[Assignment]: Stop after the line containing "Collection of Victorian"; retype every line of the data before it exactly, starting from the first.

[Input for this task]:
________________________________________
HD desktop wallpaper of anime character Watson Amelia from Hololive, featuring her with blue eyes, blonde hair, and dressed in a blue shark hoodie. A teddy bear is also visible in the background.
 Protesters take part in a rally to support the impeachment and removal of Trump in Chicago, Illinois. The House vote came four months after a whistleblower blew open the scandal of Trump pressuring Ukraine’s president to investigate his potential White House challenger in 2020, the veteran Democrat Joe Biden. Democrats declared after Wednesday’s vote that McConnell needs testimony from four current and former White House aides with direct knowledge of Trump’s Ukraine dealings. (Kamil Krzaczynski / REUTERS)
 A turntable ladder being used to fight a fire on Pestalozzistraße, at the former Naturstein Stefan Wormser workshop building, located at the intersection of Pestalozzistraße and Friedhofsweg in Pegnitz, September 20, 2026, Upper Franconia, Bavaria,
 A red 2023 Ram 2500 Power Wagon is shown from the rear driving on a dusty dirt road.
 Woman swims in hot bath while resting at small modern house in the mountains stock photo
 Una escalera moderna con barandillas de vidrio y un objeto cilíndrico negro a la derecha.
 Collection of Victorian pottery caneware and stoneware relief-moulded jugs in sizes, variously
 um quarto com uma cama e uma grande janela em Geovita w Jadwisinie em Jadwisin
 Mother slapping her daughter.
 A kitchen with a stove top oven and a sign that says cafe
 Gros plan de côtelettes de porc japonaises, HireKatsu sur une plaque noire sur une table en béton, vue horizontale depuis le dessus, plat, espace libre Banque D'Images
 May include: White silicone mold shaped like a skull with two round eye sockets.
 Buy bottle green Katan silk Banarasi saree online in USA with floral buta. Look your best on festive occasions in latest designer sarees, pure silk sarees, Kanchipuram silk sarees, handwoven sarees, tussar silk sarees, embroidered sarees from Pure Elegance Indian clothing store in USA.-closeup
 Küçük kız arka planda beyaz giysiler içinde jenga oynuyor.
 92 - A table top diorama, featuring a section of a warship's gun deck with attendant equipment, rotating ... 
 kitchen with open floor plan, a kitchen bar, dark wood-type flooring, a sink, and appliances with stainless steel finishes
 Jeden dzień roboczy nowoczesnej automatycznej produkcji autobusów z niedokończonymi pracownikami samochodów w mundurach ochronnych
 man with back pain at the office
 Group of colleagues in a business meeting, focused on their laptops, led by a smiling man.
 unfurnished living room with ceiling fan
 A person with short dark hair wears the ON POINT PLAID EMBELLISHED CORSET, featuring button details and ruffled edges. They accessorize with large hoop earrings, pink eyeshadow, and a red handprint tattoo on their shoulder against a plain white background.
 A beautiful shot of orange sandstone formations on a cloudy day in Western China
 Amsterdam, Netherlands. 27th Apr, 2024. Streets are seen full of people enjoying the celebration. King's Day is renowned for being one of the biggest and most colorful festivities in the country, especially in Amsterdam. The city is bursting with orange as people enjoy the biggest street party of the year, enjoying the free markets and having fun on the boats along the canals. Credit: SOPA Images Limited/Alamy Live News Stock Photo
________________________________________
[Response area]:
HD desktop wallpaper of anime character Watson Amelia from Hololive, featuring her with blue eyes, blonde hair, and dressed in a blue shark hoodie. A teddy bear is also visible in the background.
 Protesters take part in a rally to support the impeachment and removal of Trump in Chicago, Illinois. The House vote came four months after a whistleblower blew open the scandal of Trump pressuring Ukraine’s president to investigate his potential White House challenger in 2020, the veteran Democrat Joe Biden. Democrats declared after Wednesday’s vote that McConnell needs testimony from four current and former White House aides with direct knowledge of Trump’s Ukraine dealings. (Kamil Krzaczynski / REUTERS)
 A turntable ladder being used to fight a fire on Pestalozzistraße, at the former Naturstein Stefan Wormser workshop building, located at the intersection of Pestalozzistraße and Friedhofsweg in Pegnitz, September 20, 2026, Upper Franconia, Bavaria,
 A red 2023 Ram 2500 Power Wagon is shown from the rear driving on a dusty dirt road.
 Woman swims in hot bath while resting at small modern house in the mountains stock photo
 Una escalera moderna con barandillas de vidrio y un objeto cilíndrico negro a la derecha.
 Collection of Victorian pottery caneware and stoneware relief-moulded jugs in sizes, variously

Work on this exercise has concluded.